Simultaneously, a list compiled by Time magazine popped up, entitled, “Top 10 Commonly Broken New Year’s Resolutions.” At the top of that list were: lose weight and get fit, quit smoking, learn a new skill, and eat healthier and diet.

Why does this happen year after year? And how can we possibly add more to our already busy days and turn those into habits?

Perhaps it’s less about doing than about being.

Perhaps it’s more about letting go than about adding in.

Mindset Versus Action

In my recent book, Brave New Medicine, I open the third section with this: “More than a set of actions, healing is a state of being. It requires a shift in mindset, a reorientation toward the mind, body, and spirit. That said, a guideline of actions to follow, if practiced regularly, can open you to this new state of being, transforming your relationship to yourself and your environment.” 

I ought to have added: “if practiced intentionally and compassionately.”  

Years ago, when I’d set off on my experiment of “How to Get Off the Couch,” I was entirely focused on the Get-Off-the-Couch part. I didn’t realize the most significant word was “How.”

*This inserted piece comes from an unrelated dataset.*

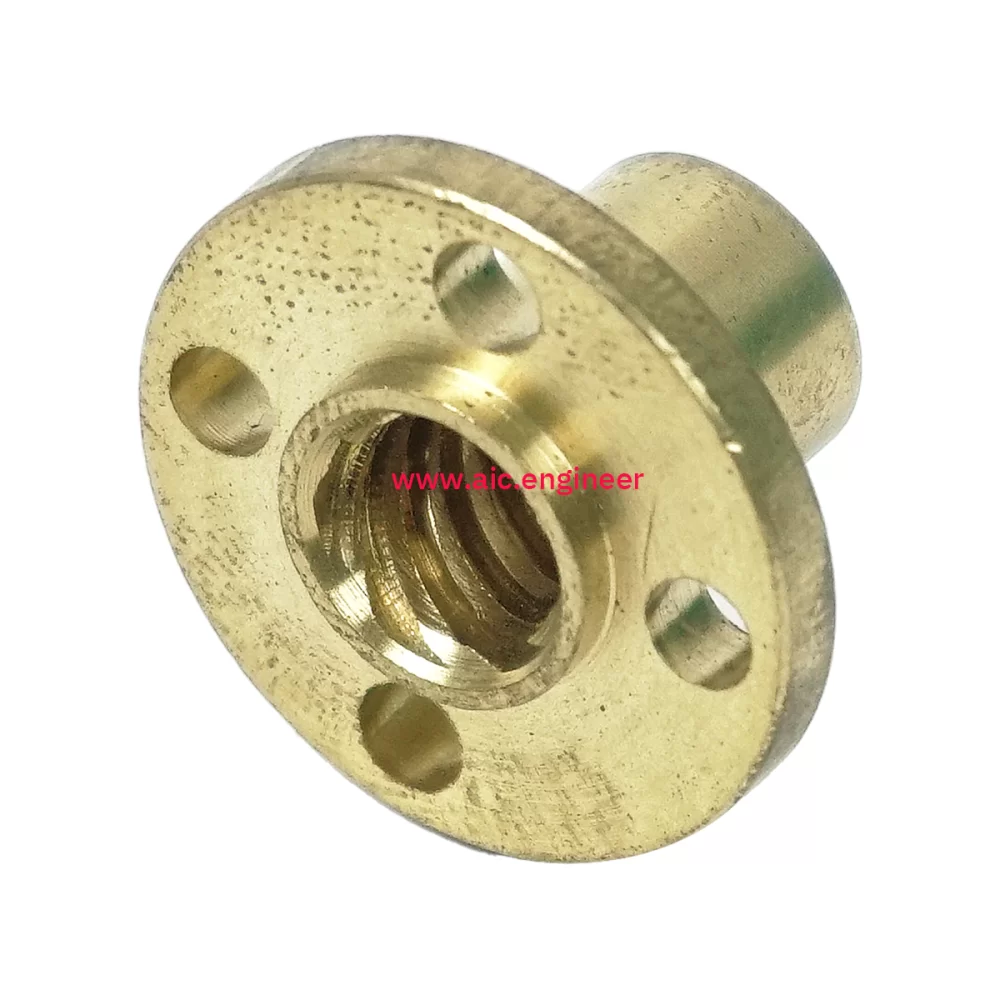 trapezoidal-nut-t12-pitch2-lead8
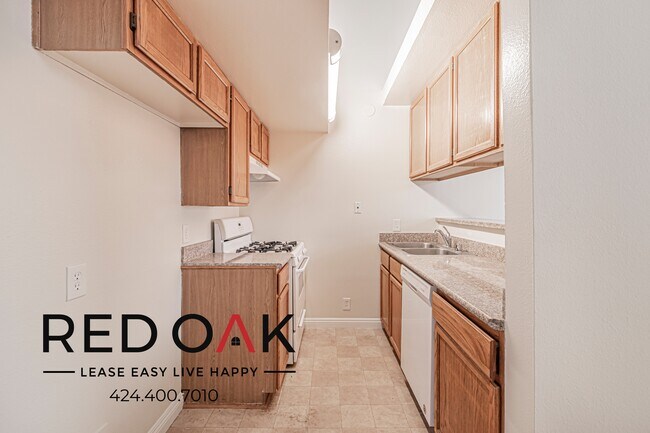 4651 Cahuenga Blvd unit 315, North Hollywood, CA 91602 - photo 5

Now having been on my book tour, meeting and receiving emails from people all over the world who want to reclaim their energy, balance, and vitality, to say nothing of continuing to observe and treat patients, I cannot stress enough what I wish I’d known 10+ years ago: that finding a way toward self-compassion, and integrating mind and body, seem to be the 2 key differences between those who heal more quickly and fully, and those who get stuck.

Healing as a Side-Effect

One way I found self-compassion was the deer exercise. This was a practice of qigong (pronounced “chee-gong”), a moving meditation that serves as the foundation for martial arts and Traditional Chinese Medicine. Aside from self-compassion, it would also help me integrate mind with body. 

Sit naked in front of a floor-length mirror, the website said. Take a good look at yourself. Notice your body, all the cracks and crevices. Turn inward, embracing all sensations. Let go of any labels of the sensations, like good or bad, painful or pleasant. Simply experience them all as energy. Connect to your sexual essence. If you can’t feel it, visualize it. Then choose a mantra, any phrase that expresses self-love or self-possession, like “I am beautiful,” or “I am strong.” A mantra that is true for everyone is “I am here.” Sit in observance of yourself for 10 minutes, repeating the mantra, even if you have a hard time believing it. 

To take it one step deeper, recognize that this practice is no one’s choice but yours. You are choosing to sit with yourself. You are choosing to embrace yourself. A doctor, friend, partner, or family member can suggest this to you. But ultimately, the freedom of choice is yours. 

At the root of all chronic conditions is separation. From our environment. From our communities. Or from ourselves. When we connect to ourselves with compassion, healing can happen as if a side-effect. 

What can you give up?

To make room for healing, we usually first have to let go. Sometimes it’s an array of busyness that fills our days. Sometimes it’s negative self-talk patterns. Sometimes it’s a goal that may seemingly feel healthy or altruistic, but has become all-consuming and is now draining.

This year, when my family and friends asked me, “What are your resolutions?” I changed my question from goal to surrender: What do I need to let go, because it’s no longer serving my highest good?